__YOUR TASK__
Word-for-word repetition of the records below is needed, but only from the line holding "Wall Mural - ux/ui" through the final line, with pictures excluded.

__RECORDS PROVIDED__
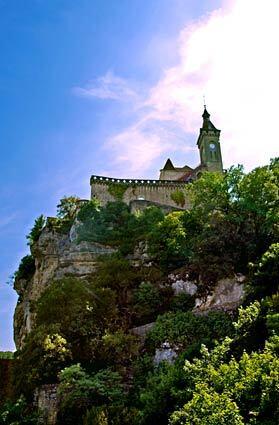 A medieval château perches high on the cliff above Rocamadour, France. Pilgrims have been coming to the town, home of a rare and mystique-shrouded Black Virgin, for centuries.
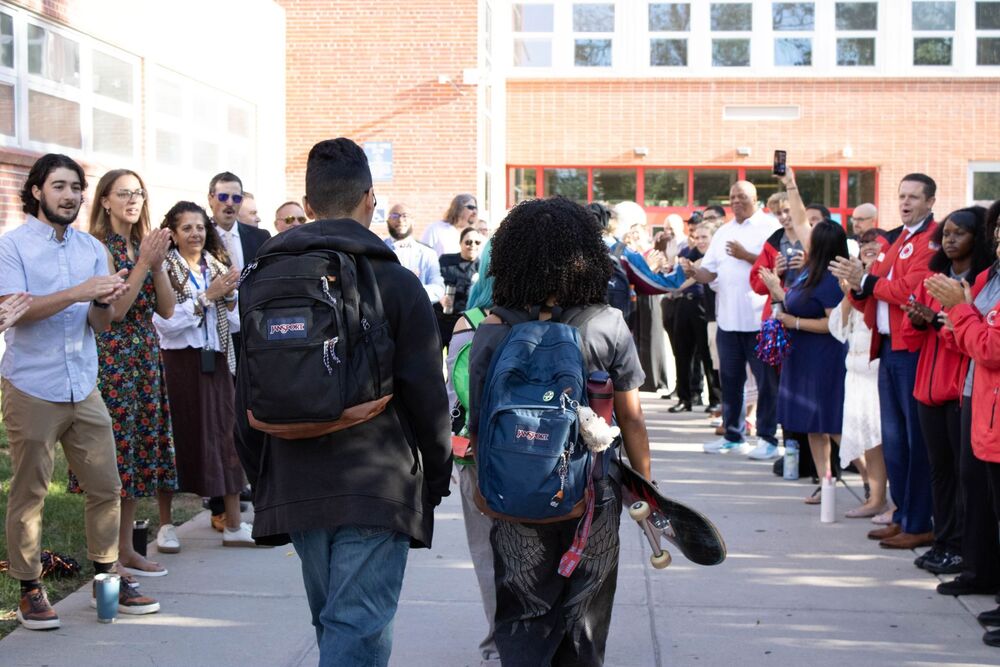 Manual students walk the red carpet on the first day of school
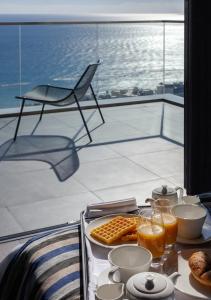 a table with a tray of breakfast food on a balcony at ONLY Boutique Suites & Residences in Limassol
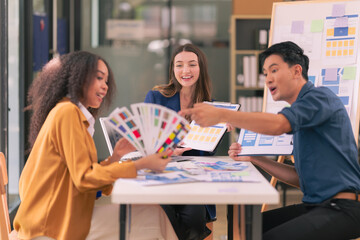Wall Mural - ux/ui design team discuss and brainstorm layouts for websites and mobile app prototypes in website a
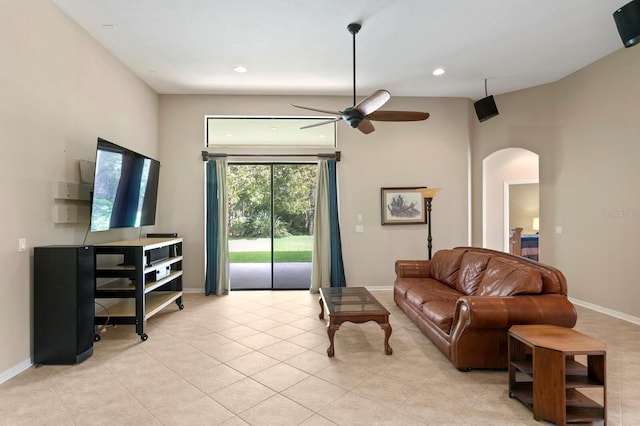 3320 Majestic View Dr, Lutz, FL 33558 - living room featuring arched walkways, ceiling fan, light tile patterned floors, recessed lighting, and baseboards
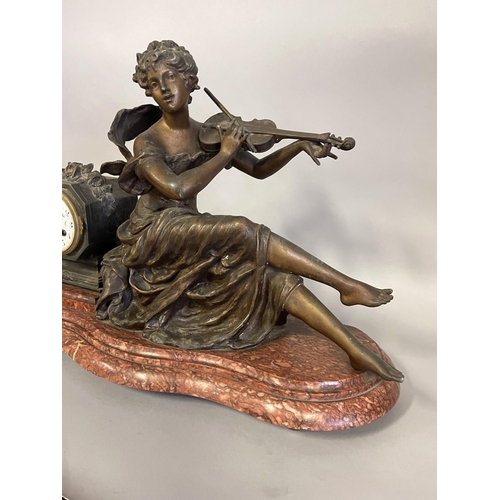 1073 - Antique French figural spelter clock, of a maiden playing a violin, bow to the violin has a fracture... 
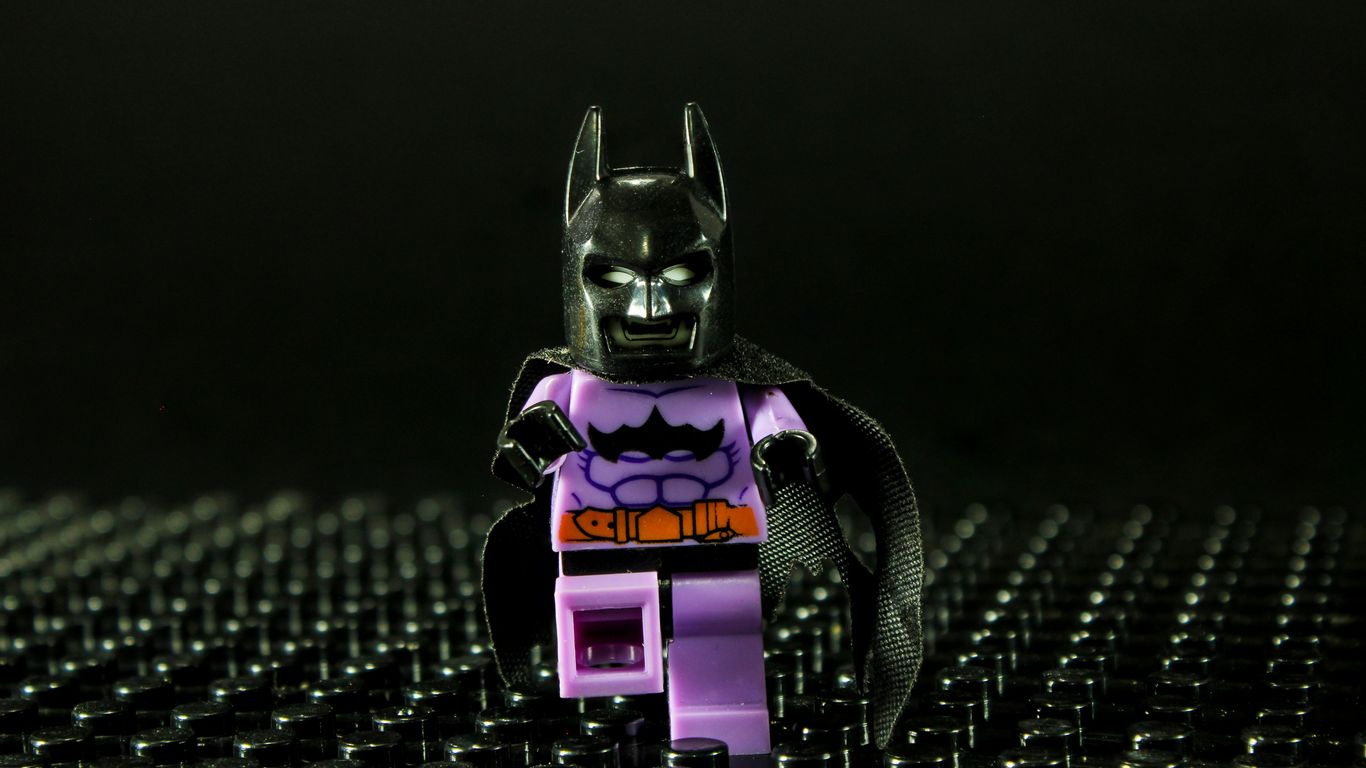 Lego batman figure in purple suit on black background
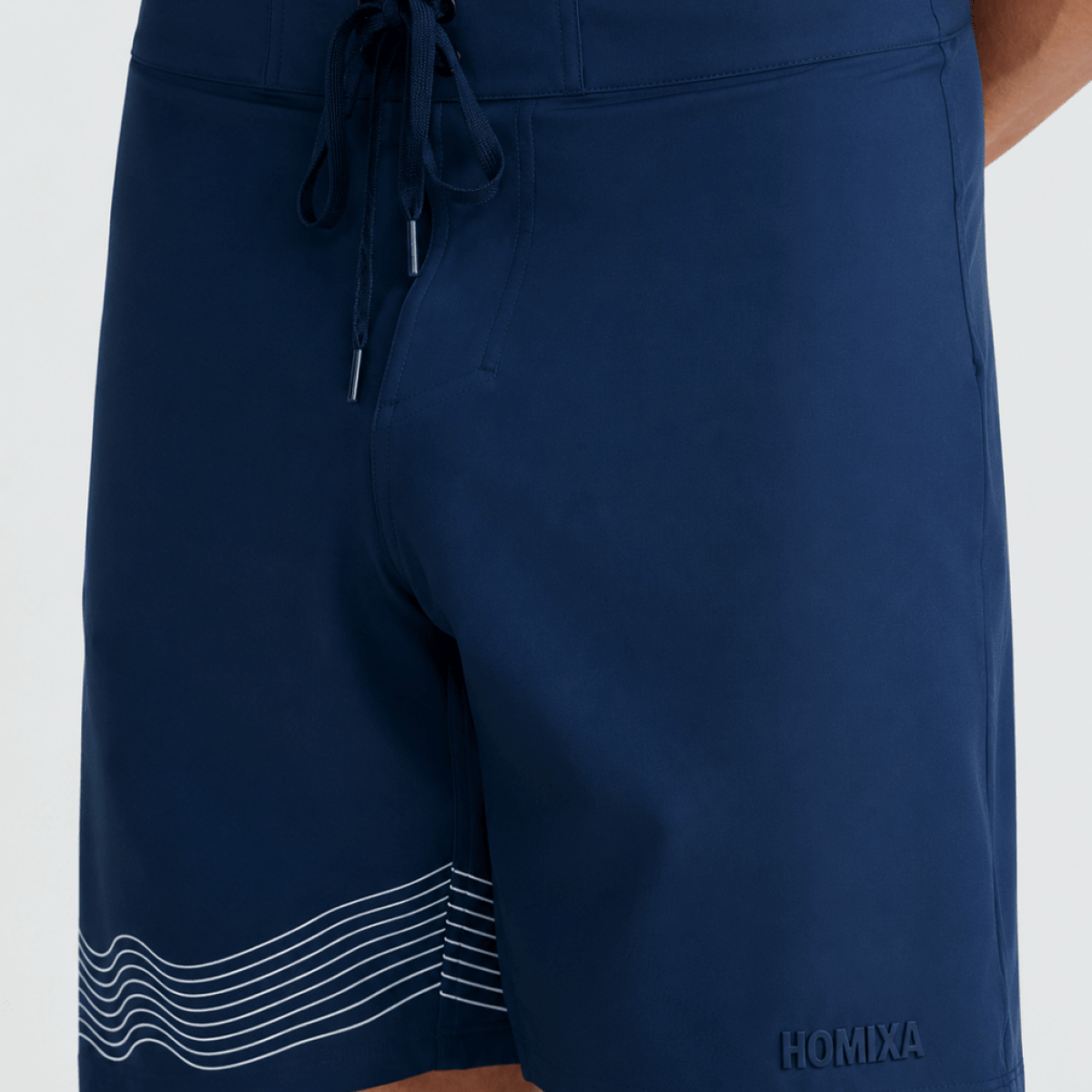 Homixa Wave men's navy blue boardshorts displayed flat with elastic waistband and drawstring, suitable for swimming and beachwear.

__SOLUTION TO THE PROBLEM__
Wall Mural - ux/ui design team discuss and brainstorm layouts for websites and mobile app prototypes in website a
 3320 Majestic View Dr, Lutz, FL 33558 - living room featuring arched walkways, ceiling fan, light tile patterned floors, recessed lighting, and baseboards
 1073 - Antique French figural spelter clock, of a maiden playing a violin, bow to the violin has a fracture... 
 Lego batman figure in purple suit on black background
 Homixa Wave men's navy blue boardshorts displayed flat with elastic waistband and drawstring, suitable for swimming and beachwear.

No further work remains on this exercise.